Bloomberg is reporting that Uber is seeking $2.1 billion in financing that would value the ride-hailing company at a whopping $62.5 billion. This would cement Uber's status as the most valuable technology startup in the world, as it seeks a Facebook-level valuation before eventually going public. A spokesperson for Uber declined to comment on the report.
This would be Uber's third billion-plus financing round this year. In January, the San Francisco-based company raised $1.6 billion in convertible debt from wealthy clients of Goldman Sachs Wealth Management. Then in July, Uber tacked on another $1 billion from a number of investors, including Microsoft. Since launching five years ago, the company has raised over $10 billion.

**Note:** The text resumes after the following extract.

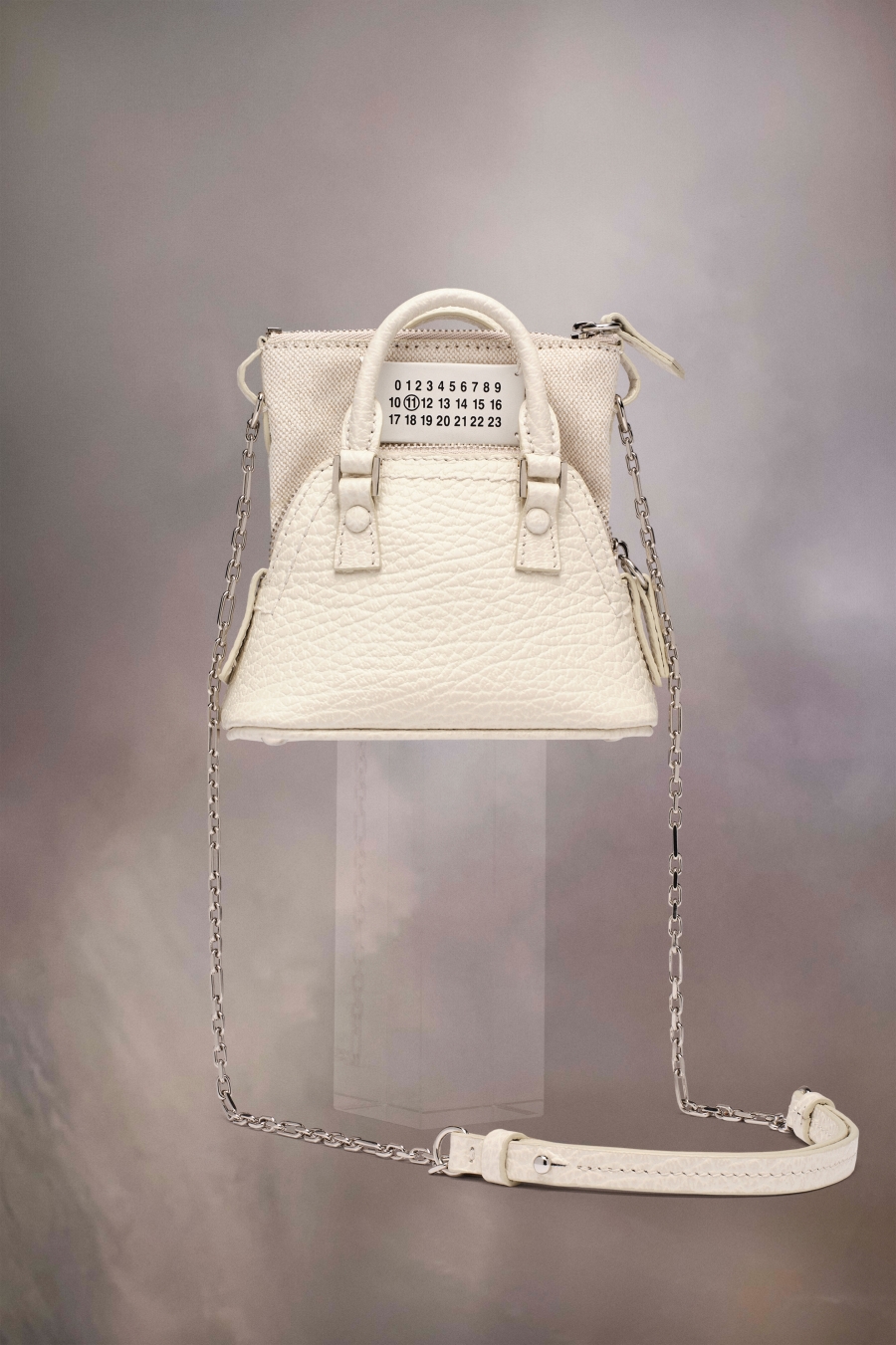 Maison Margiela 5ac Classique Baby White | 387204-PNM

But don't expect an IPO any time soon
Still, CEO Travis Kalanick says Uber is nowhere close to an IPO. He has resisted calls from his Silicon Valley peers, including Facebook CEO Mark Zuckerberg, to go public, arguing the company isn't quite there yet.
"We're maturing as a company, but we're still like eighth graders," Kalanick said at the WSJDLive conference last October. "We're in junior high. And someone's telling us we need to go to the prom, but it's a little early. Give us a few years."
The latest round of fundraising comes as Uber seeks to become something more than just a car service. It has been testing out pooled rides, food and package deliveries, and involvement in driverless car technology.
Uber has grown exponentially over the last year. It now says it has 400,000 drivers in the US and over 8 million users. It's available in 67 countries, and despite pressure from established taxi businesses and regulators, shows no sign of slowing down.
Still, experts have questioned the company's underlying economics, arguing that unlike other tech companies like Amazon, Uber offers few efficiencies to the industry it seeks to disrupt. The question is, after all the fundraising and media frenzy dies down, whether the costs of insurance, driver training, and maintenance will make Uber's sky-high valuation unsustainable.